One type of valid lien is a Medicaid lien (commonly referred to in Arizona as an AHCCCS lien). When a Medicaid/AHCCCS beneficiary obtains a judgment or settlement for injuries for which Medicaid/AHCCCS paid for treatment, Medicaid/AHCCCS is entitled to be reimbursed for a portion of the medical expenses. Prior to the recent Ahlborn decision, AHCCCS was not required to take into account the context of the settlement versus the injury victim’s overall recovery. Instead, AHCCCS would usually only reduce it’s lien by a “common fund” reduction, i.e. by the percentage of attorneys’ fees paid collecting the settlement or judgment.
Ahlborn changed that. Now, Medicaid/AHCCCS is required to look into the amount the injury victim was able to collect versus the overall value of his or her case.

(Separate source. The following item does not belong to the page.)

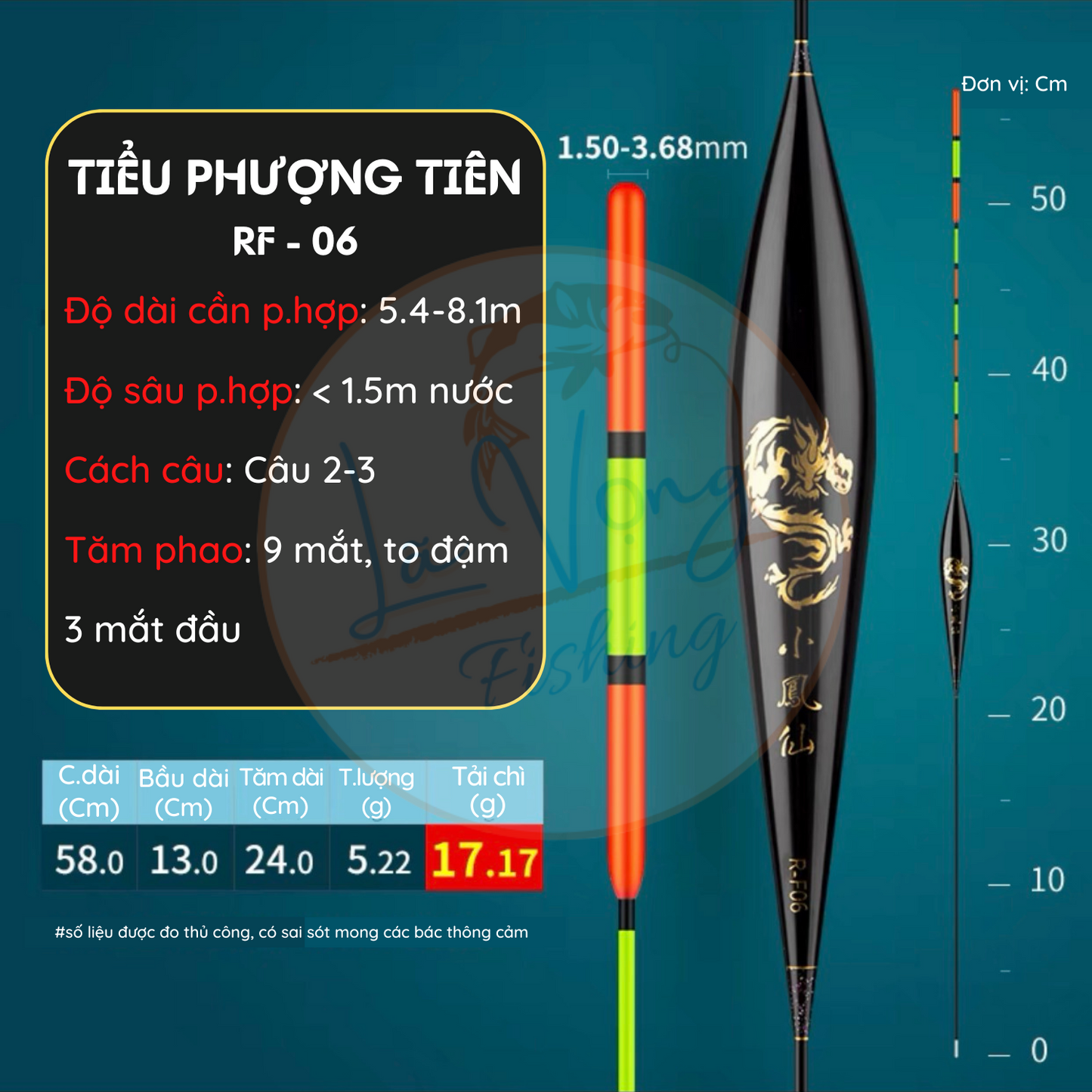 Phao Săn Hàng Câu Đài Nano Tiểu Phượng Tiên RF - Lã Vọng Fishing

For example, if the injury victim had a million dollar injury, but was only able to collect $100,000 of insurance coverage, then the victim was only able to collect 10% of the value of his claim.
Ahlborn says that Medicaid/AHCCCS must also only collect 10% of the value of its lien before subtracting the “common fund” reduction. This equitable decision means that injury victims are able to keep more money in their pockets.
While Ahlborn was good news for injury victims after the decision was rendered, it meant that many prior Medicaid/AHCCCS beneficiaries had paid too much to resolve their Medicaid/AHCCCS liens. Because of this, a lawsuit was filed in Montana to reimburse those beneficiaries that had overpaid. Last week, the Montana Supreme Court issued an opinion that retroactively applied
Ahlborn in Blanton v. Dept. Public Health and Human Resources, 2011 WL 2162724. The Montana Supreme Court approved a class action on behalf of approximately 2500 Medicaid beneficiaries against Medicaid for “monies improperly collected.”
This is further good news for all of our clients who may face a Medicaid/AHCCCS lien claim in their case.